- Model Overview
- What Gets Flagged
- Outlier Types
- Flagging Details
- Structure of Data
- AWS Glue Job Documentation
- Exporting Flags to iasWorld
This repository contains code to identify and flag sales that may be non-arms-length transactions. A non-arms-length sale occurs when the buyer and seller have a relationship that influences the transaction price, leading to a sale that doesn't reflect the true market value of the property.
The sales validation model (hereafter referred to as "the model") uses simple statistics and heuristics to identify such sales. For example, it calculates the standard deviation in (log) sale price by area and property type, then flags any sales beyond a certain number of standard deviations from the mean. It also uses a variety of common heuristics, such as matching last names, foreclosure information, etc.
Non-arms-length transactions can affect any process that uses sales data. As such, we currently use the output of this model to exclude flagged transactions from:
- The training data of our valuation models
- Sales ratio statistics reports produced by our valuation models
In the future, it is likely the flagging outputs from this model will be used further in public-facing ratio studies and reporting, as well as used internally by the office.
Sales from 2014 through present are flagged using this model. Ongoing sales are flagged on an ad-hoc basis as they are collected by the Department of Revenue and made available to the Data Department. See Model run modes for more information.

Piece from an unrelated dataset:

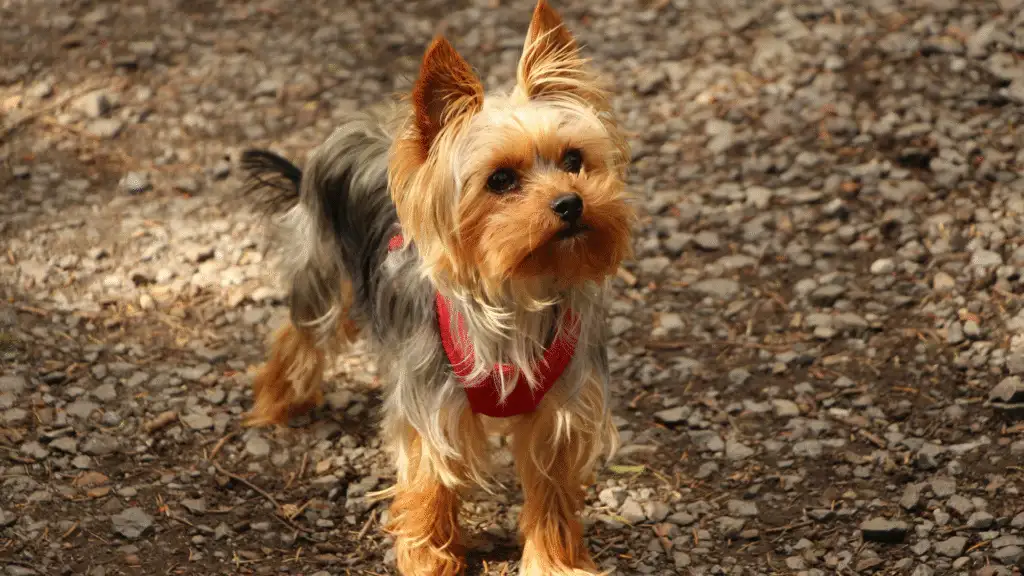 Yorkshire Terrier dog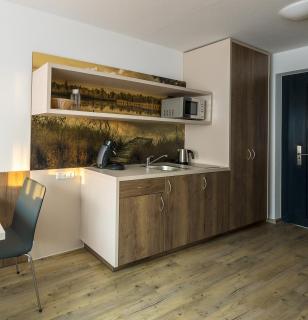 Boarding & HOUSE T24 - Bad Wurzach - 7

Commercial, industrial, and land-only property sales are not flagged by this model. Residential and condominium sales are flagged with the following specifications:
Residential
- Includes classes:
- 202, 203, 204, 205, 206, 207, 208, 209, 210, 211, 212, 218, 219, 234, 278, 295
- Excludes:
- Multi-card sales
Condos
- Includes classes:
- 297, 299, 399
- Excludes:
- Parking spaces
- Building common areas
Common exclusions for both residential and condos
- Excludes any sales with a duplicate price within 365 days
- Excludes sales less than $10,000
- Excludes multi-PIN sales
Outlier flags are broken out into 2 types: statistical outliers and heuristic outliers.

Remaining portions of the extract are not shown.